We need to talk about the one per cent
One per cent of the world's population now control half its wealth.
Since 2008, “middle-class wealth has grown at a slower pace than wealth at the top end. This has reversed the pre-crisis trend, which saw the share of middle-class wealth remaining fairly stable over time.”
This is not the finding of a socialist propagandist, but of Credit Suisse and published last week in its latest annual global wealth survey.
It reports that wealth per adult in New Zealand declined overall by nearly 20 percent over the past year, from USD$484,800 to $400,800 mainly because of exchange rate movements. But the report also ranks New Zealand with the highest median wealth per adult, at USD$182,600. The ranking by median wealth per adult favours countries with lower levels of wealth inequality.
Before this government takes too much credit, it’s worth pointing out that the Credit Suisse data shows median household wealth grew most between 2000 and 2005 under Clark, Cullen and Anderton. Things have levelled off considerably since.
I'm sceptical about the accuracy of New Zealand's relative ranking and the rates of change because measurement is difficult and the biggest factor is exchange rate variation.

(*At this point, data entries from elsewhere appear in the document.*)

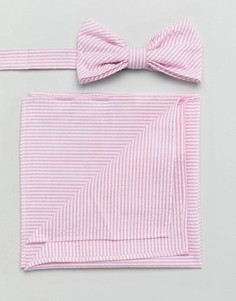 Галстук-бабочка и платок для нагрудного кармана из легкой жатой ткани Gianni Feraud - Розовый
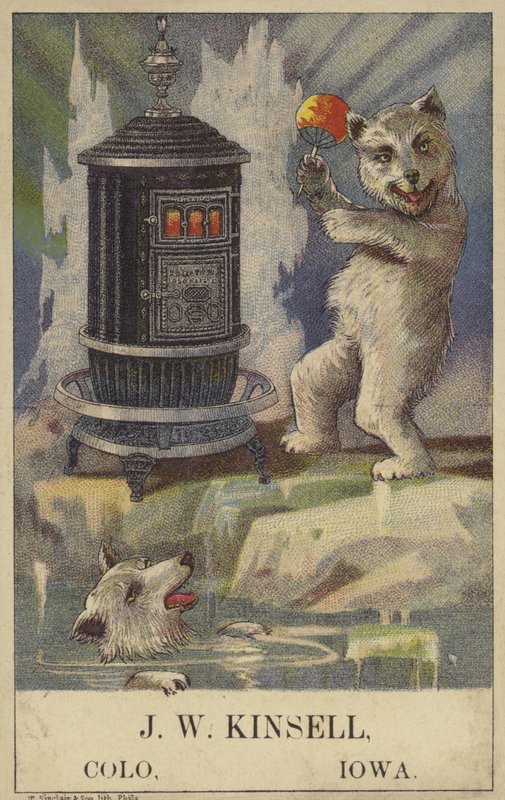 Lední medvěd tančící u kamen (chromolitho) od American School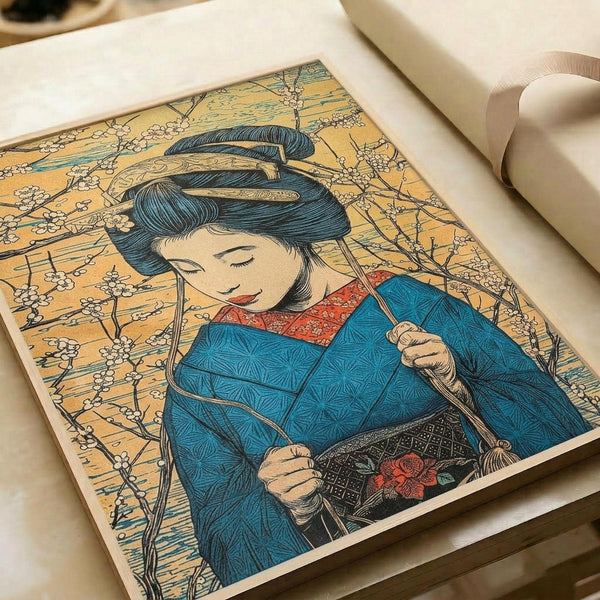 Japanese woodblock print style artwork showing a geisha in a blue kimono with red collar details and geometric patterns. She has an elaborate black updo hairstyle with hair ornaments and is positioned among delicate cherry blossom branches. The background features a warm golden yellow tone with intricate line work. The print appears on cream paper with visible texture and is photographed alongside rolled white paper, suggesting an unframed poster format.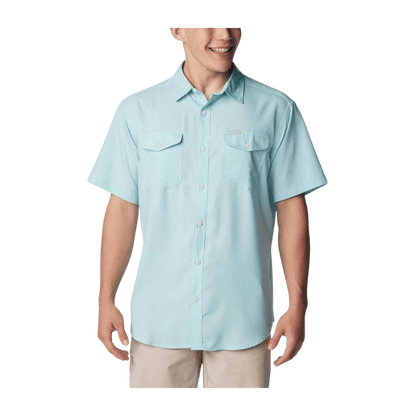 COLUMBIA MEN'S UTILIZER II SOLID SHORT SLEEVE SHIRT - SPRAY - FRONT VIEW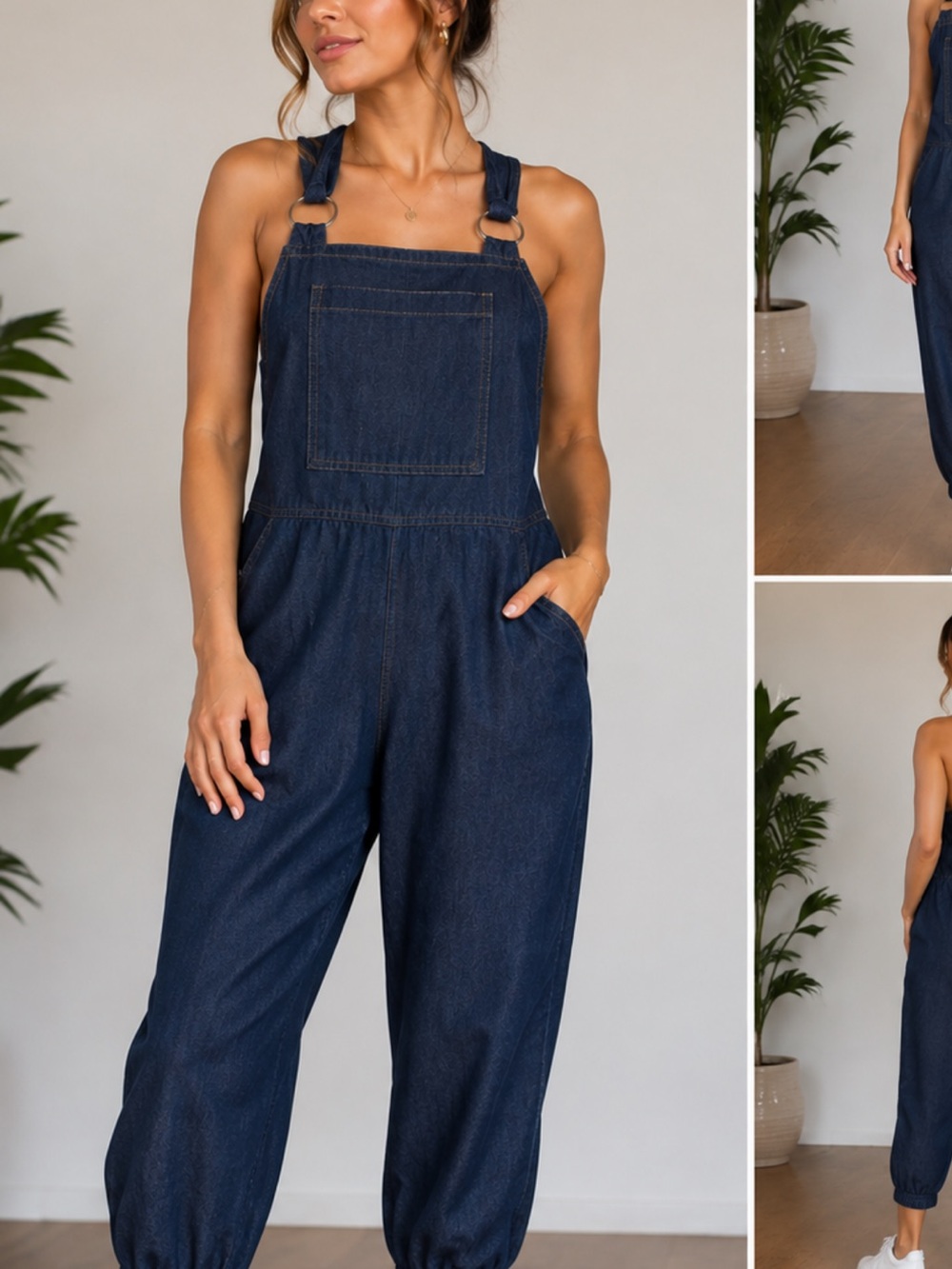 ANNIE Women's Dark Blue Denim Overalls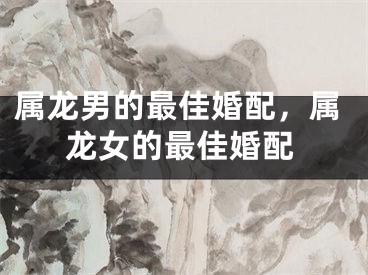 属龙男的最佳婚配，属龙女的最佳婚配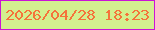 文字の大きさ：2、枠の色：cb13d6、背景の色：d3ef8f、文字の色：f5733b 無料ブログパーツのブログ時計
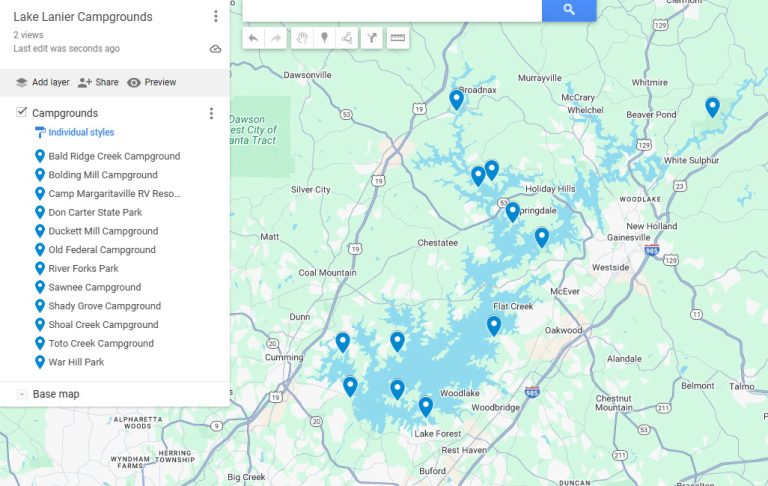 Interactive map showing the locations of Lake Lanier Campgrounds in northern Georgia, with blue location markers identifying campgrounds such as Sawnee, Shoal Creek, Shady Grove, Bald Ridge Creek, and others. The map includes surrounding cities like Cumming, Gainesville, Dawsonville, and Buford, with Lake Lanier’s shoreline and coves prominently displayed.
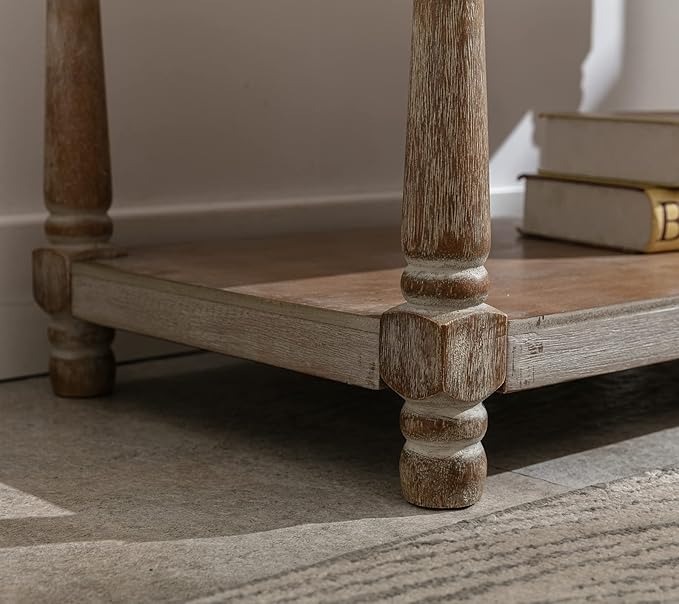 DUOMAY Farmhouse Tufted Storage Ottoman Bench with Shelf, 31.5" Width Linen Upholstered Entryway Shoe Ottoman Foot Stool for Bedroom Living Room Dining Room, Grey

If New Zealand ranks well on these measures, the global picture must be worse than we thought. After all, we know that a New Zealander on the average wage can't afford to pay the average mortgage on the average house. A family on an average income does not enjoy world class standards of living, and getting by is still a daily battle.
You don’t have to be an avaricious plutocrat to be in the one per cent. You only need to be an adult worth more than USD $759,900, so if you own a home in Pt Chev mortgage free, you are probably in the club. This tells us that this is not the result of the one per cent’s greed or hard work, but the result of bad policy producing predictable results.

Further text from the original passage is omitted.